Verladehafen. Während Einwände gegen die Verladestelle im Reeser Eyland bagatellisiert werden, verschließen Politiker die Augen vor dem, was man sehen könnte: Eine Verladeanlage, welche in weiten Teilen ungenehmigt betrieben wird, was beim Ottonormalverbraucher zu einer empfindlichen Geldbuße in einem Ordnungswidrigkeitsverfahren und zu Strafanzeigen geführt hätte. Die Stadt will nun die Weichen für eine unbegrenzte Verladegenehmigung stellen. Nebenbei soll die schon weit überschrittene Verlademenge verdoppelt werden. Beleidigende Äußerungen, wie die Bezirksregierung als „Öko-Schickeria“ zu bezeichnen, sind ebenso unsachlich, wie die Arbeitsplätze bei ForFarmers immer höher zu puschen. Das Unternehmen gab vor nicht langer Zeit an, am Anlagenstandort in Haffen 43 Mitarbeiter zu beschäftigen. Seltsame Vermehrung, wenn die Zahl seitens der CDU nun auf 123 gesteigert wird. So lenkt man den Blick ab. Während das Unternehmen schon anderen Ortes verlädt, wird der Weseler Hafen als nicht realisierbar bezeichnet. Reduktion Profit? Beim Werk in Haffen handelt es sich nicht mehr um eine kleine Futtermühle, denn 60% gehören einem milliardenschweren Großkonzern. Es geht also nicht mehr um normale Dimensionen des landwirtschaftlichen Verkehrs. Jede Menge Schwerlastverkehr rollt durch Haffen und wird sich vervielfachen.
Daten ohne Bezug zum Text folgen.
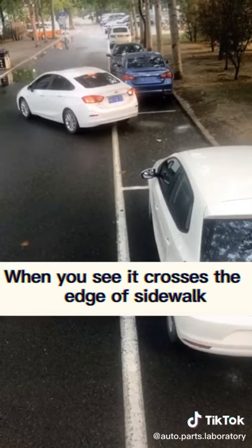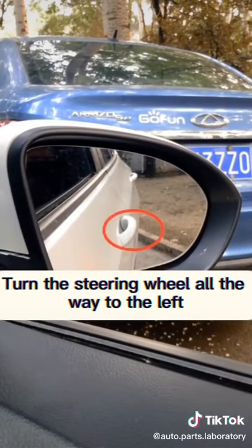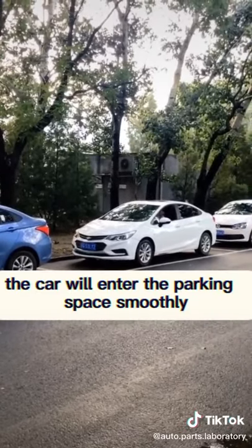When you see from the right rearview mirror that the front door handle of the car crosses the edge of the sidewalk, turn the steering wheel all the way to the left, then reverse again. The car will enter the parking space smoothly.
Schlechter Stil, die Belastung der Haffener Familien mit der Betuwebelastung abzutun, oder man habe auch in allen Teilen der Stadt sein Kreuz zu tragen. Man stellt ein weiteres Kreuz auf! Es gilt jetzt mit dazu beizutragen, Lebensräume für Bürger, insbes. Kinder zu schützen und diese nicht durch Großindustrie sowie wegschauende Mitmenschen in unserer Stadt vernichten zu lassen.